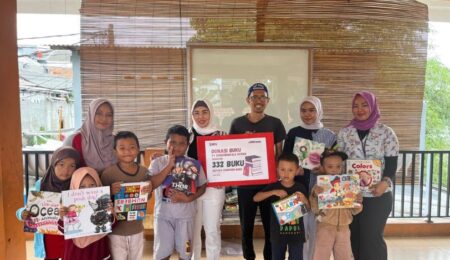 Hari Buku Nasional Eonchemicals Donasikan Buku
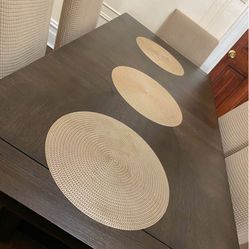 DINNING TABLE WITH EXTENTION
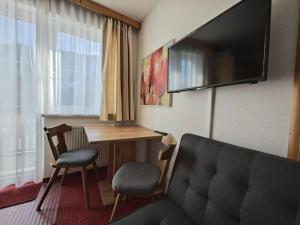 Μια τηλεόραση ή/και κέντρο ψυχαγωγίας στο Bella Mira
******
Find the line with "DINNING TABLE WITH EXTENTION". Return it and each line after it through the end of the data, exactly, without pictures.

 DINNING TABLE WITH EXTENTION
 Μια τηλεόραση ή/και κέντρο ψυχαγωγίας στο Bella Mira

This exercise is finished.